Brown was not a perfect fit for the Tea Party platform, an amalgam of antigovernment complaints that coalesce around issues of shrinking government and preventing national health care reform.
In a scorching analysis circulated a week before the election, Massachusetts small-government activists Michael Cloud and Carla Howell tried to dissuade Tea Party voters from supporting Brown, noting that as a legislator he had supported health care reform in Massachusetts and urged voters to defeat their popular but unsuccessful 2008 ballot question to eliminate the income tax.
“Scott Brown is the worst fake tax-cutter in the Massachusetts legislature,’’ they wrote. “And a fake ally is more dangerous than an open enemy,’’
Senate candidate Joseph L. Kennedy, a 38-year-old Libertarian from Dedham who was a Tea Party enthusiast before he was a candidate for the Senate against Brown, thinks he should have been the beneficiary of the activists’ fervor.
“The people in the tea parties sold their own soul,’’ Kennedy said.
Yesterday, as the next round of challengers lined up to continue the electoral surge, Brown endorsed Republican Bill Hudak’s candidacy against US Representative John Tierney.
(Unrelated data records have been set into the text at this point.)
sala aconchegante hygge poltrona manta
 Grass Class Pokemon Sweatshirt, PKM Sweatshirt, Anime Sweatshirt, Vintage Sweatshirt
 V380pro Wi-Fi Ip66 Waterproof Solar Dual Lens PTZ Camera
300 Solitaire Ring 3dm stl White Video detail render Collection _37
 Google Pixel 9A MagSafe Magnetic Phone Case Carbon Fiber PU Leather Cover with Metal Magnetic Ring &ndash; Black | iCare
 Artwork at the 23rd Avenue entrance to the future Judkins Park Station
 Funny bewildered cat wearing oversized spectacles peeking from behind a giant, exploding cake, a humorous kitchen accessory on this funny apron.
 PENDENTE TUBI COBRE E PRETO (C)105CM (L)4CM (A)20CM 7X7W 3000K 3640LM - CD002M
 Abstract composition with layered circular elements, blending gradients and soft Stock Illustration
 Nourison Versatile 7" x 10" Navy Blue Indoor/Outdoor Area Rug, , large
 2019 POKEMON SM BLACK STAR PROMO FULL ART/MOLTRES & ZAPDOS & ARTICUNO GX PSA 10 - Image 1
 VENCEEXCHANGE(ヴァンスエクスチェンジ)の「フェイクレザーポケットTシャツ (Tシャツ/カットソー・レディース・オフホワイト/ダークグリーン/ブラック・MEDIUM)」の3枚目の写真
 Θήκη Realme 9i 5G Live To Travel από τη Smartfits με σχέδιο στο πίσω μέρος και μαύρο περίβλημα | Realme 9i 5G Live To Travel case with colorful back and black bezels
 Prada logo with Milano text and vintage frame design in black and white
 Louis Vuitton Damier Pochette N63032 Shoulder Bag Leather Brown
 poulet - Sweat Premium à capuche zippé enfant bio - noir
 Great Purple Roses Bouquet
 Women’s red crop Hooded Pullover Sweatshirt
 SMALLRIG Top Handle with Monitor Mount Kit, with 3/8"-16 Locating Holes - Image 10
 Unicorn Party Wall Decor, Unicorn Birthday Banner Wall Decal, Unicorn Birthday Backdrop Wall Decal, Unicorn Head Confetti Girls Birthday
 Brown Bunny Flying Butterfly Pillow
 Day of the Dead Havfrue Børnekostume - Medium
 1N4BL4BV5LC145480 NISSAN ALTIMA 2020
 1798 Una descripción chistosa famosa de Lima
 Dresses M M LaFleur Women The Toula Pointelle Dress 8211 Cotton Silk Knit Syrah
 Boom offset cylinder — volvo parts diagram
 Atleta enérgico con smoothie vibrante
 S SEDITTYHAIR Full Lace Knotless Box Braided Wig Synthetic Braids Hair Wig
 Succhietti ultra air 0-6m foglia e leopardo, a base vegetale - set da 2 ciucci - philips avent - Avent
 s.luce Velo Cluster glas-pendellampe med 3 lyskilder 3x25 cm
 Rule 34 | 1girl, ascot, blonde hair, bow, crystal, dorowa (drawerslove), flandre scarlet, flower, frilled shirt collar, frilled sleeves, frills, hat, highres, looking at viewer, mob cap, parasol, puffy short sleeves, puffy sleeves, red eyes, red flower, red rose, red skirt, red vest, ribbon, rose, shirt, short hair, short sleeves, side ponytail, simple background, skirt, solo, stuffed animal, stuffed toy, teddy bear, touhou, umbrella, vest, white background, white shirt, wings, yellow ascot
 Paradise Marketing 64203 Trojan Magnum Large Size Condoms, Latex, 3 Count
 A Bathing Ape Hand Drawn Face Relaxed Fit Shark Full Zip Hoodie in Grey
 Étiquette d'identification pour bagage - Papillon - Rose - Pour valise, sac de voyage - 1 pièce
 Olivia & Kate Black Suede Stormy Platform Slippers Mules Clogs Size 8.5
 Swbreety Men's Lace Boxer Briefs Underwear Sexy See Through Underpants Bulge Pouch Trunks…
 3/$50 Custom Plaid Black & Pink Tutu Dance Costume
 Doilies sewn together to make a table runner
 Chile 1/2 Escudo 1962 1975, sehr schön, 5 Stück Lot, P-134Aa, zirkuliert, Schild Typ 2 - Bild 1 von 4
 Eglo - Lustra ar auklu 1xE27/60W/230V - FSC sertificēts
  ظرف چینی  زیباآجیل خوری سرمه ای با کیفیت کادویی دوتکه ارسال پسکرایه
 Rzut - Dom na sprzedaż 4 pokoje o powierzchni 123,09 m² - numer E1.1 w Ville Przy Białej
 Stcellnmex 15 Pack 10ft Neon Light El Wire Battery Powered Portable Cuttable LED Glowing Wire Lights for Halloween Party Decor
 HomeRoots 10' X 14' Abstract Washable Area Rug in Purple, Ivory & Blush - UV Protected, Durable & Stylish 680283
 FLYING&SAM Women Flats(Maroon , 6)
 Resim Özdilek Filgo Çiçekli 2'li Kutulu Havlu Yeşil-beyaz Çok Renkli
Martin Lamb of Holliston plans to challenge US Representative Jim McGovern; Brad Marston is running for state representative, and independent Kamal Jain of Lowell for state auditor, members of the group said. Massachusetts GOP chairwoman Jennifer Nassour was leery of giving too much credit to the insurgent Tea Party movement.
“I couldn’t tell you who they were if they walked past me,’’ said Nassour. “I think that really, the people that got involved on Scott’s race were the ones that just really were motivated for things to be different here.’’
That said, she is not going to decline the assistance when the party represents such a small fraction of the state’s voters.
“We’re 12 percent, so quite honestly, anyone who’s going to come along and help us are welcome,’’ said Nassour.